| Task |
Every record below should be printed again exactly, with its pictures removed.

| Data |
- - - - - - -

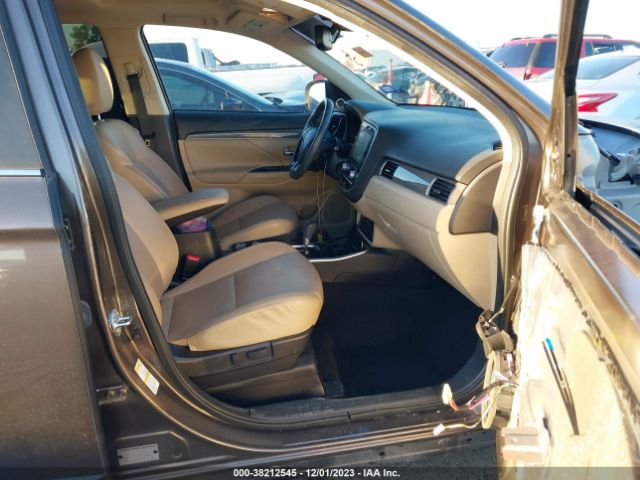 Photo 4 VIN: JA4AD3A32LZ003947 - MITSUBISHI OUTLANDER 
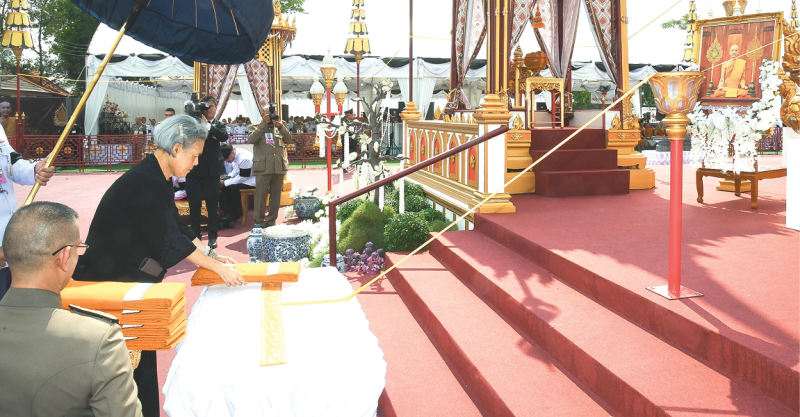 สมเด็จพระกนิษฐา
ธิราชเจ้า กรมสมเด็จ
พระเทพรัตนราชสุดาฯ สยามบรมราชกุมารี เสด็จพระราชดำเนินไปในการพระราชทานเพลิงศพพระราช
วชิรคุณาธาร (ทองดี
อนีโฆ) ซึ่งริเริ่ม
โครงการปฏิบัติธรรม
บวชเนกขัมมะ ณ วัดใหม่ปลายห้วย อำเภอสามง่าม จังหวัดพิจิตร เมื่อวันจันทร์ที่ 11 พฤษภาคม 2569 เวลา 14.30 น.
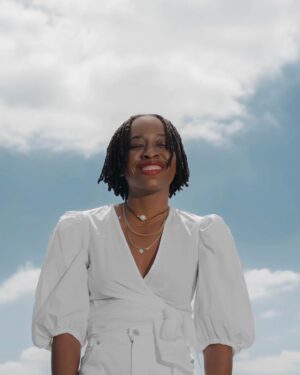 Erica Chidi Cohen Instagram - thanks to @bustle for sharing about my work and LOOM. 

one thing i quickly discovered while working as a doula was that pregnant people clung to the same desires and interests that they’ve always had. being pregnant and becoming a mother, didn't mean they didn’t want to be sexual anymore, dream big or take risks. if anything, they yearned for those things even more or felt finally empowered enough to say “no” and fiercely claim themselves for the first time. becoming a mother is potent evolution and our program focuses on holding space for that—without judgement and with modern tools for figuring it out on your terms. all the words are over on bustle.com and you can discover more about our pregnancy and postpartum program at @loomhq 
📸: @amyharrity ✨☁️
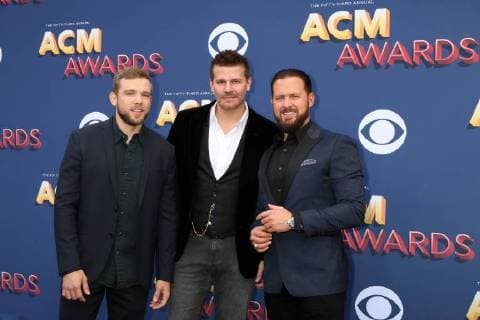 LAS VEGAS, NV - APRIL 15: Max Thieriot, David Boreanaz and AJ Buckley at the 53rd Academy of Country Music Awards at MGM Grand Garden Arena on April 15, 2018 in Las Vegas, Nevada Copyright: xDavidxEdwardsx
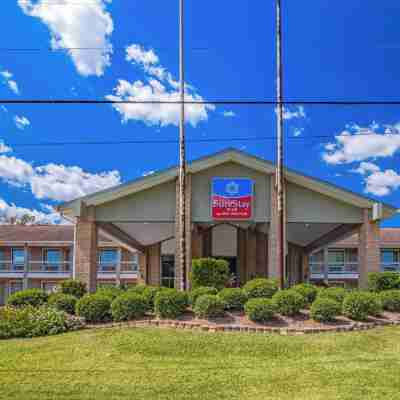 SureStay Plus by Best Western Beaumont Hotel Exterior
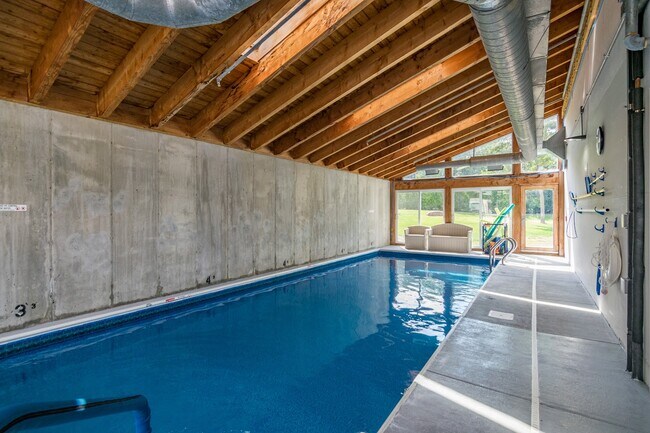 Building Photo - 331 Lime Kiln Rd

- - - - - - -

| Answer section |
 Photo 4 VIN: JA4AD3A32LZ003947 - MITSUBISHI OUTLANDER 
 สมเด็จพระกนิษฐา
ธิราชเจ้า กรมสมเด็จ
พระเทพรัตนราชสุดาฯ สยามบรมราชกุมารี เสด็จพระราชดำเนินไปในการพระราชทานเพลิงศพพระราช
วชิรคุณาธาร (ทองดี
อนีโฆ) ซึ่งริเริ่ม
โครงการปฏิบัติธรรม
บวชเนกขัมมะ ณ วัดใหม่ปลายห้วย อำเภอสามง่าม จังหวัดพิจิตร เมื่อวันจันทร์ที่ 11 พฤษภาคม 2569 เวลา 14.30 น.
 Erica Chidi Cohen Instagram - thanks to @bustle for sharing about my work and LOOM. 

one thing i quickly discovered while working as a doula was that pregnant people clung to the same desires and interests that they’ve always had. being pregnant and becoming a mother, didn't mean they didn’t want to be sexual anymore, dream big or take risks. if anything, they yearned for those things even more or felt finally empowered enough to say “no” and fiercely claim themselves for the first time. becoming a mother is potent evolution and our program focuses on holding space for that—without judgement and with modern tools for figuring it out on your terms. all the words are over on bustle.com and you can discover more about our pregnancy and postpartum program at @loomhq 
📸: @amyharrity ✨☁️
 LAS VEGAS, NV - APRIL 15: Max Thieriot, David Boreanaz and AJ Buckley at the 53rd Academy of Country Music Awards at MGM Grand Garden Arena on April 15, 2018 in Las Vegas, Nevada Copyright: xDavidxEdwardsx
 SureStay Plus by Best Western Beaumont Hotel Exterior
 Building Photo - 331 Lime Kiln Rd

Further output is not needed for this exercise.